Magnificent Waste: Friday, January 23, and Sunday, January 25.
All events, 7:30 p.m. Doors open a half-hour before showtime.

Tickets: Suggested donation $5 each play at the door; volunteer script readers and students with valid ID get in free.

New to the 2009 Play Festival! Two Special Workshops Added - Saturday, January 24, 2009
10 a.m.-1 p.m. Playwrighting workshop for high school students, with Festival finalist Evan Guilford- Blake. Open to all high school-age students wishing to learn or perfect the craft of playwrighting.
2-4 p.m. “The Business of Playwrighting: Developing and Marketing Your Play Without An Agent” with Festival Finalist Evan Guilford-Blake, hosted by the Richmond Playwrights Forum.
Location: Firehouse Theatre, 1609 W. Broad Street. For more information or to sign up for the workshops, call the Firehouse at 804-355-2001 or .
Both workshops are free and made possible due to the generous support of The Community Foundation Serving Richmond and Central Virginia, and The Richard and Caroline T. Gwathmey Memorial Trust.

About the Winning Plays and Playwrights:
An Uncommon Language, by Evan Guilford-Blake: Inspired by the controversy surrounding the contributions of Rodin’s lovers to his work, An Uncommon Language examines the life of Heloise Lacasse, a talented but unknown sculptor living in England in 1906. When she chooses to help her lover - the young and accomplished John Batiste - in crafting the heads for various pieces of his statuary, a tumultuous and dramatic series of events unfold. From the art studio to the asylum, the repression of women and the very nature of madness are explored in this riveting new drama.

Evan Guilford-Blake lives in the Atlanta, GA area, and has written about 40 plays which have received about 110 productions across the U.S., in Canada, Australia, England and Israel.

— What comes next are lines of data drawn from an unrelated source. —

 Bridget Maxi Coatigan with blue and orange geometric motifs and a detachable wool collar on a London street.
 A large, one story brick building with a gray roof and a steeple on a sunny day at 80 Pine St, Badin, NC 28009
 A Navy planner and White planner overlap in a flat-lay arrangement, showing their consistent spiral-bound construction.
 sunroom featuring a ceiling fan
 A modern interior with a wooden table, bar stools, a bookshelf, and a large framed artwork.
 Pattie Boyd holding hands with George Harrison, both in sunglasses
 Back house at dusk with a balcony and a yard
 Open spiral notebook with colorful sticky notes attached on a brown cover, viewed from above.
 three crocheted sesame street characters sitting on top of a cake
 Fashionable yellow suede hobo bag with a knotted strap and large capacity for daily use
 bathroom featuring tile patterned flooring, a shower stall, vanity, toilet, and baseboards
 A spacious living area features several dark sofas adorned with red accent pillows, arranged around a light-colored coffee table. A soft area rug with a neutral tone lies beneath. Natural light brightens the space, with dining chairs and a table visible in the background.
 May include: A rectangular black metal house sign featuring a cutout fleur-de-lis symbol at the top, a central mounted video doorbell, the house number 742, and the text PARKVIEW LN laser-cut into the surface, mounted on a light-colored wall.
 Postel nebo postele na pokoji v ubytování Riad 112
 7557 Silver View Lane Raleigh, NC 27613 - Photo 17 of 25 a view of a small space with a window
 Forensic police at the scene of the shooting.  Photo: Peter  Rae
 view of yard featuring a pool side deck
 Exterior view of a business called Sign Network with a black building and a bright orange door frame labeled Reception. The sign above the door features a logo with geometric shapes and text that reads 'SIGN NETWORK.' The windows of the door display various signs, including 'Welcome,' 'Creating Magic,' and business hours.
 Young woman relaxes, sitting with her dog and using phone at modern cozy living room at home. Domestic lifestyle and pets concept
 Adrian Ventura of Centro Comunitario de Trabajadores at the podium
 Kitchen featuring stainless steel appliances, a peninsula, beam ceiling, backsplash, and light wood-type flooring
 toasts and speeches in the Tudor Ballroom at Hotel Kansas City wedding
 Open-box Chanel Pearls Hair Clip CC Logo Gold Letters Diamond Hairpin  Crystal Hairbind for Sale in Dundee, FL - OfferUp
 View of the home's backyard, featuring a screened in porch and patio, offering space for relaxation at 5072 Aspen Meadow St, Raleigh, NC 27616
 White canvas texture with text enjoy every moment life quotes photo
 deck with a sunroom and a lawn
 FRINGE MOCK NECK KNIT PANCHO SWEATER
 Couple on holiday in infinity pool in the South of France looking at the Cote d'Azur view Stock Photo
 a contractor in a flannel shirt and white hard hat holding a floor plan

He has won 26 playwriting competitions (including the 2005 Henrico Theatre Company contest) and awards for his short fiction and children’s material. He has short stories in various anthologies, a children’s book (Butterflies), and has contributed to two collections of monologues. He is a Resident Playwright emeritus at Chicago Dramatists and a member of the Dramatists Guild. Evan has served as Playwright-in-Residence at Utah State University and a presenter for ACTF.

Magnificent Waste, by Caridad Svich: Lizzie B. makes shock art. Arden buys beautiful things. A young man wants to be famous. How far will they go in their quest for fame and immortality? Set in a world addicted to excess and pleasure, Magnificent Waste is a glittering but brutal comedy about modern society’s surface, and the objectification of the human body.

Caridad Svich lives in New York and is a playwright-translator-lyricist and editor of Cuban-Argentine-Spanish-Croatian descent. Key works include 12 Ophelias; Alchemy of Desire/Dead-Man’s Blues; Iphigenia...a rave fable; and The Booth Variations. Spring 2009 premieres: Svich’s stage adaptation of Isabel Allende’s The House of the Spirits (Spanish Rep/NY); Instructions for Breathing (Passage Theater/NJ) and Wreckage (Crowded Fire/CA). She is alumna playwright of New Dramatists; founder of theatre alliance & press coalition NoPassport; associate editor of Routledge’s Contemporary Theatre Review; and a member of PEN American Center and The Dramatists Guild. She holds an MFA from University of California-San Diego.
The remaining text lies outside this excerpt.